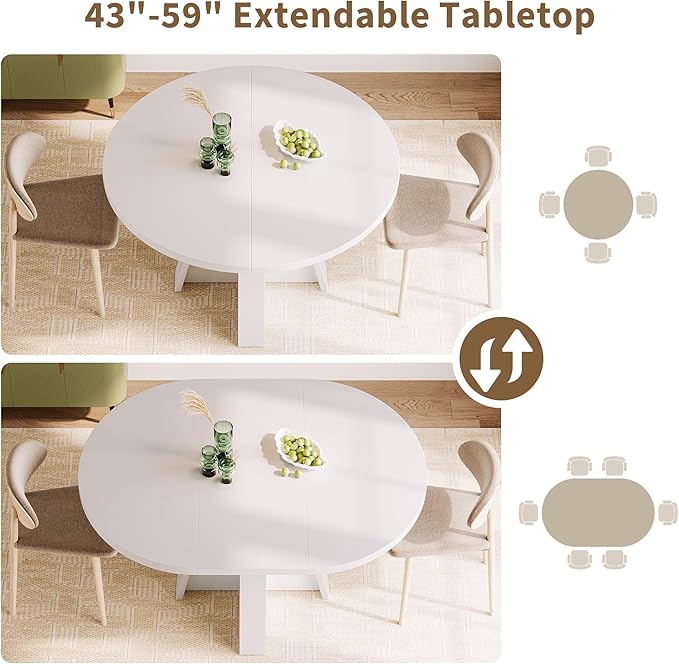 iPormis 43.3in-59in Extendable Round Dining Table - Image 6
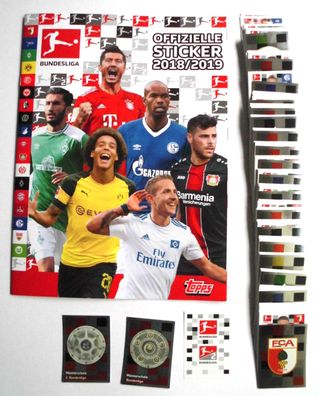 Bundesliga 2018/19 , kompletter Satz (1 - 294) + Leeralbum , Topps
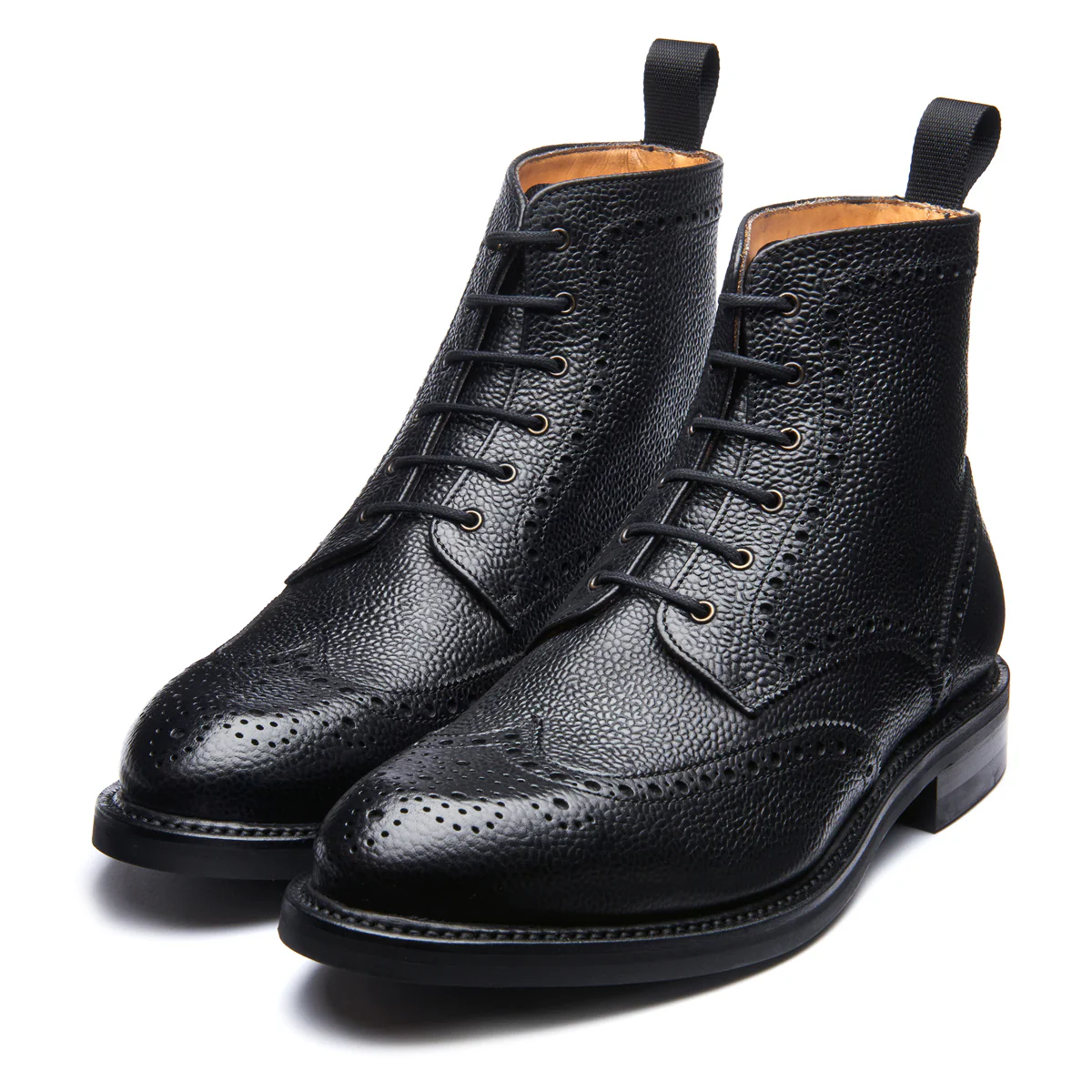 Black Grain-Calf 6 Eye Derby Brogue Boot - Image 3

═══

▶ What is needed: Could you repeat all of the data exactly, minus the pictures?

▶ Result:
 iPormis 43.3in-59in Extendable Round Dining Table - Image 6
 Bundesliga 2018/19 , kompletter Satz (1 - 294) + Leeralbum , Topps
 Black Grain-Calf 6 Eye Derby Brogue Boot - Image 3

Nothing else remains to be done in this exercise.